Sunday, January 31, 2016

New Zealand 2016 Day 8. Christchurch and the Banks Peninsula

We kept pushing south until we arrived to Christchurch, the second largest city in New Zealand. The folks here experienced a pretty strong earthquake in September 2010, and another 8 months later, in April 2011. The one-two punch caused extensive damage throughout the city, and as we crossed it we gaped in admiration to the number of new buildings being erected. We intend to explore Christchurch in more detail tomorrow, but for today contented ourselves with a very yummy sushi lunch, and our standard foray through the New World supermarket (we have become addicted to this particular chain).

The plan for the afternoon was to hike through the Banks Peninsula (thus named by Capt. James Cook in 1770, to honor the naturalist on board, Sir Joseph Banks). It was a good 70 km between Christchurch and Akaroa. The latter is a charming coastal city established by the French in 1840, which still retains much of its French flavor. From here a steep narrow dirt road climbs at an incredible angle toward the highlands.
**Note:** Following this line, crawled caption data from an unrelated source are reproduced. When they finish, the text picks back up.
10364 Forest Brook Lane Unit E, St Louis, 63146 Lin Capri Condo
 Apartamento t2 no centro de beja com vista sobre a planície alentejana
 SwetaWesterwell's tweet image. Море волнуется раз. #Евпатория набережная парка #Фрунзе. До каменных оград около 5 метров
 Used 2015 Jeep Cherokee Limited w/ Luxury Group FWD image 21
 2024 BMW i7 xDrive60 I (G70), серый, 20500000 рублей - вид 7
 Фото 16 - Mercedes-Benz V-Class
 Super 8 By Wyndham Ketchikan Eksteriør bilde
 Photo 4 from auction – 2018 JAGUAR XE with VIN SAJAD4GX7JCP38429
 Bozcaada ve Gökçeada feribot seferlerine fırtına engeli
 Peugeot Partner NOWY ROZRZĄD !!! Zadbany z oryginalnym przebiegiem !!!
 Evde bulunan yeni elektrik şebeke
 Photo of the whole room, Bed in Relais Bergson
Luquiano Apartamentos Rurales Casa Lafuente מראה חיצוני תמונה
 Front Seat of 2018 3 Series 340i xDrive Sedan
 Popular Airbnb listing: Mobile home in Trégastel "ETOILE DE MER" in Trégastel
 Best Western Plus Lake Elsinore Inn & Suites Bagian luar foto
I had no idea about the steepness of these mountains, which were formed by a group of three volcanoes that have now been deeply eroded (in fact, the Akaroa Harbor was formed when the ocean breached the southern flank of the largest volcano—think Nevado de Toluca—and  invaded its crater). We did go for a walk way up on the crest, but it was at best a half-hearted attempt to what would have been a killer hike.